From the data that follows, set down exactly the lines from the one with "A Man In A Suit" through the one with "a child's drawing", counting both. Pictures stay out.

SUPPLIED RECORDS ->
____

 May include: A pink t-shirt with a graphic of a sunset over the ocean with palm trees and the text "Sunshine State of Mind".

____

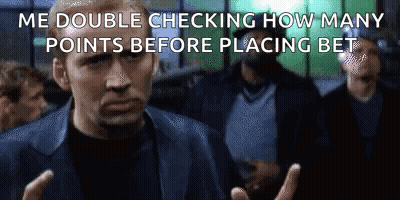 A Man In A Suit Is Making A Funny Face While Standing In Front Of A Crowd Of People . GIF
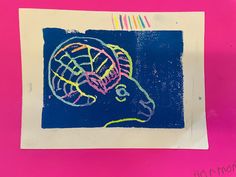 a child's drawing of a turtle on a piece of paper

____

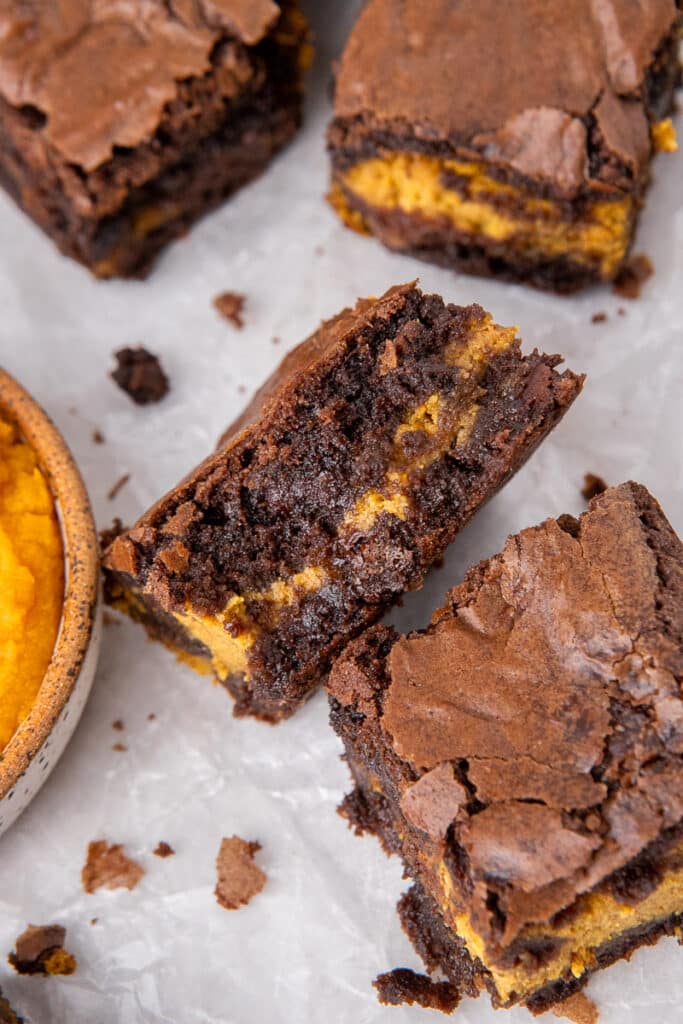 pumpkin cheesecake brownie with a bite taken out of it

____

ANSWER TO THE PROBLEM ->
 A Man In A Suit Is Making A Funny Face While Standing In Front Of A Crowd Of People . GIF
 a child's drawing of a turtle on a piece of paper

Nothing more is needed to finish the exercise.